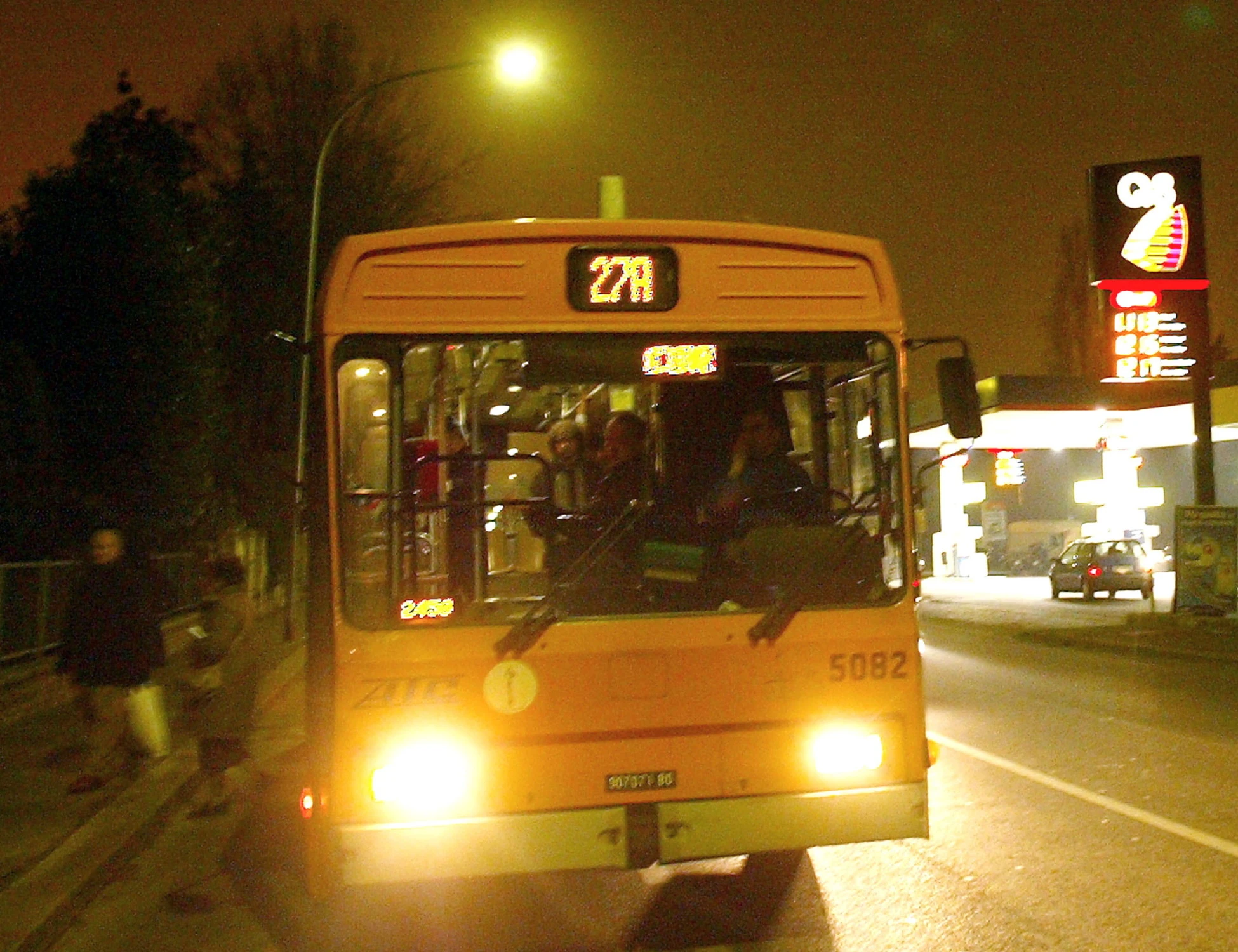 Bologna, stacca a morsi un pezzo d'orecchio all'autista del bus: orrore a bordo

---

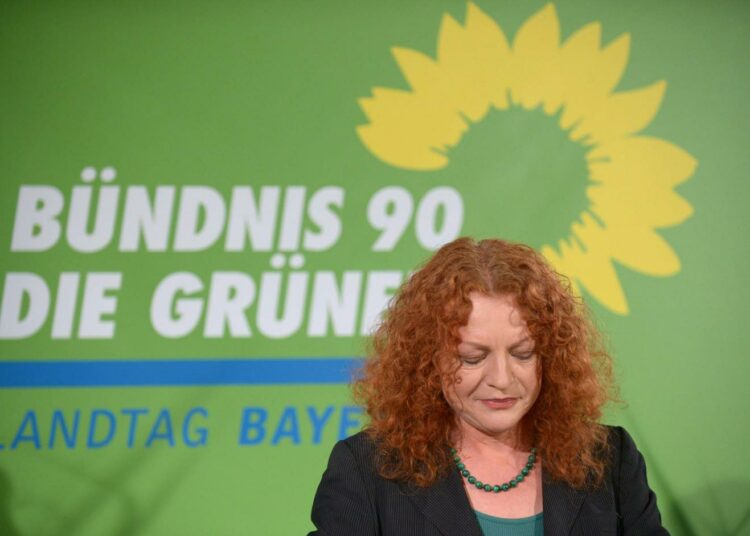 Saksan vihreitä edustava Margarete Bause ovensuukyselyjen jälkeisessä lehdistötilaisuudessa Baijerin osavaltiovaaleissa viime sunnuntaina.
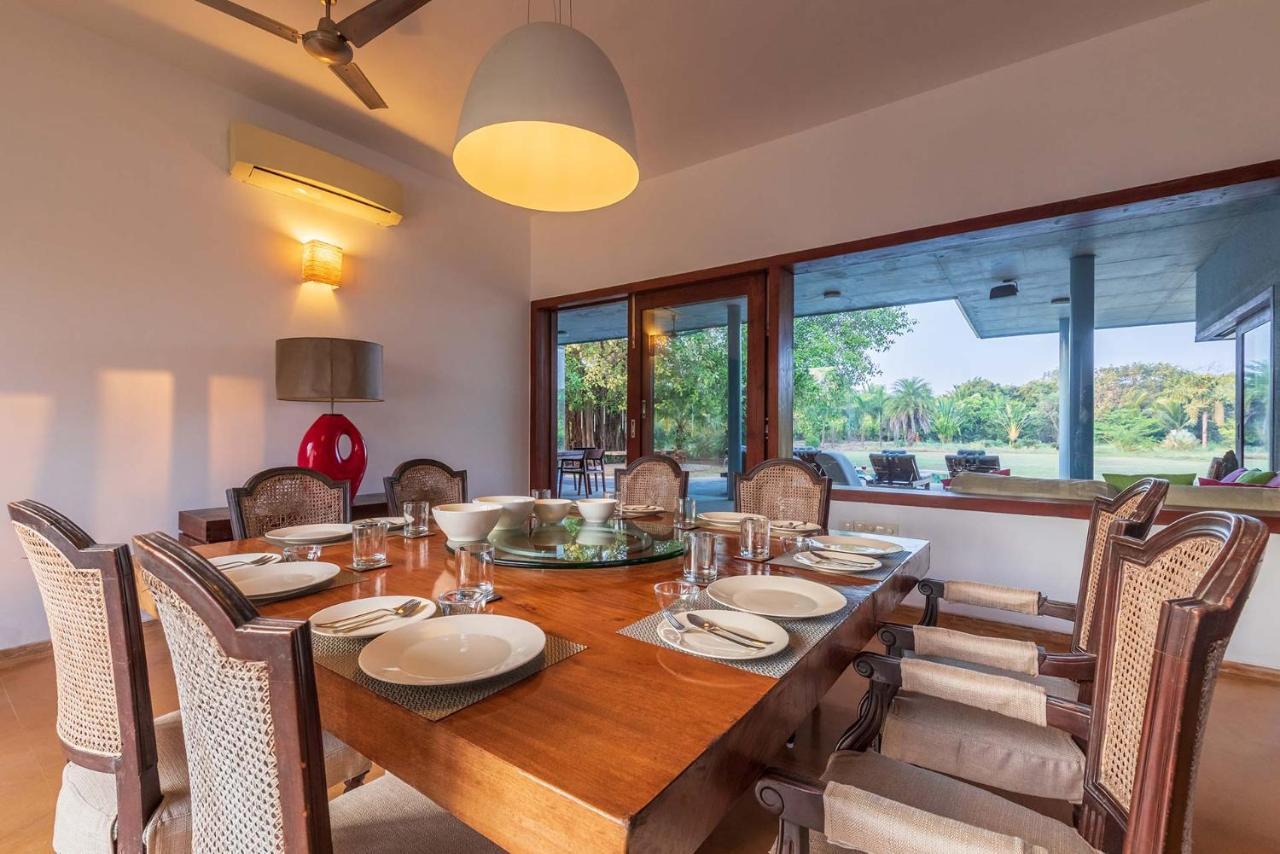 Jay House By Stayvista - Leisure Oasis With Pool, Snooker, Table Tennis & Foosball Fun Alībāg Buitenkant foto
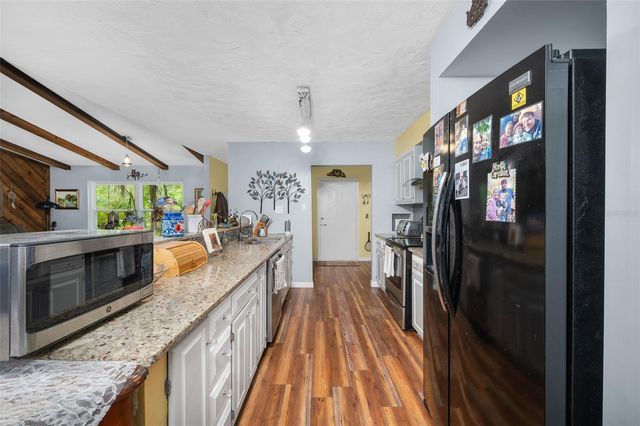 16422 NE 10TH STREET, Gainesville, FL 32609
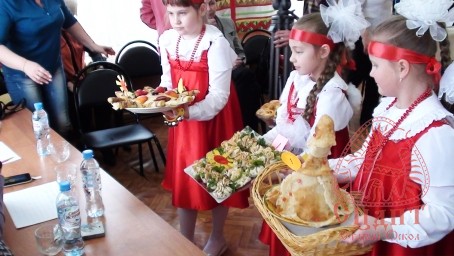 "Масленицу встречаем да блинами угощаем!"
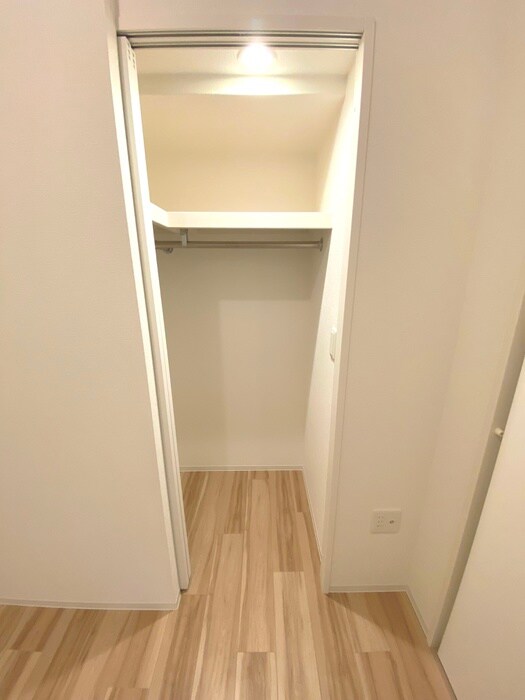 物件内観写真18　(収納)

*YOUR OBJECTIVE*: For this exercise, reproduce exactly the lines of the records above from the one with "16422 NE 10TH STREET, Gainesville, FL 32609" up to and including the one with "物件内観写真18　(収納)", without pictures.

*WORKED SOLUTION*:
 16422 NE 10TH STREET, Gainesville, FL 32609
 "Масленицу встречаем да блинами угощаем!"
 物件内観写真18　(収納)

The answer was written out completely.